On the morning of June 5, 1989 there was a moment that came to symbolize all the hope and tragedy of the largest nonviolent political protest in China's history. A column of tanks driving down Changan Ave away from Tiananmen Square encountered a young man who defiantly blocked their way. The event was recorded on video from the balconies of the old Peking Hotel and broadcast later that day on news shows around the world. For the millions of people who saw this scene, its meaning was clear: human hope and courage challenging the remorseless machinery of state power.

In China, where the government showed the image widely, authorities interpreted the scene differently. The narrator in one film, Flutter, Flag of the Republic, says it is testimony to the restraint of Chinese soldiers: "Anyone with common sense can see that if our tanks were determined to move on, this lone scoundrel could never have stopped them."

President Bush, Andrei Sakharov and Joan Baez all hailed the man, but his story and his name are not firmly known. The Chinese government claims that he was neither arrested nor executed. Reports of people claiming to be "the man" have usually been part of an effort to get asylum or sell a story. From watching the video, we can learn only that he was extraordinarily courageous. He stopped the column of tanks, blocked them several times as they attempted to maneuver around him, then talked with the crew of the lead tank. Finally, people rushed into the street and persuaded him to leave.

Charlie Cole, prize-winning photographer of the episode, thought it should be remembered as "an incredible action, not an incredible photograph." In our image-based consumer society, though, the image has taken on a life of its own. One cartoon shows "the man," transformed into Mickey Mouse, challenging the Chinese government with Kundun, Martin Scorcese's film on Tibet.
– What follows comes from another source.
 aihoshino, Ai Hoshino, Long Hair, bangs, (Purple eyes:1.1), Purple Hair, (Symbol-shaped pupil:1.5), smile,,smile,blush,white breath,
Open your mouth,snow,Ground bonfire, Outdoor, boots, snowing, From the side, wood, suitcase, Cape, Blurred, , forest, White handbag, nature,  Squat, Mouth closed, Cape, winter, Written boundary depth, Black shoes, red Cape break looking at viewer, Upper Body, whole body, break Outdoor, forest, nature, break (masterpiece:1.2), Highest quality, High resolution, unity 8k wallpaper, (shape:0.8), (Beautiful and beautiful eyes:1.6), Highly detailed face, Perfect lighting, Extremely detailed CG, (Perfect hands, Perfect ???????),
It didn't seem to matter to the cartoonist that Mickey runs his own multinational entertainment empire with a budget comparable to that of the Chinese army, or that Disney had already offered to restrict distribution of Kundun to protect its substantial business interests with China. Benetton used the image in an ad campaign alongside images of Jesus on a cross and Neil Armstrong's first step on the moon. Will the Gap someday run ads revealing that the man was wearing khakis?

Why are Westerners so fascinated by this image? Is it because it fits so nicely with the story we expect to see - good against evil, young against old, freedom against totalitarianism? In the hundreds of hours of network coverage of the Tiananmen story, only a few minutes featured Chinese participants speaking for themselves. Ten years later, the events for many people have been distilled into a single image. The man in front of the tanks now stands as one of the defining iconic images of the 20th century, like a monument in a vast public square created by television. Like most statues, he is mute.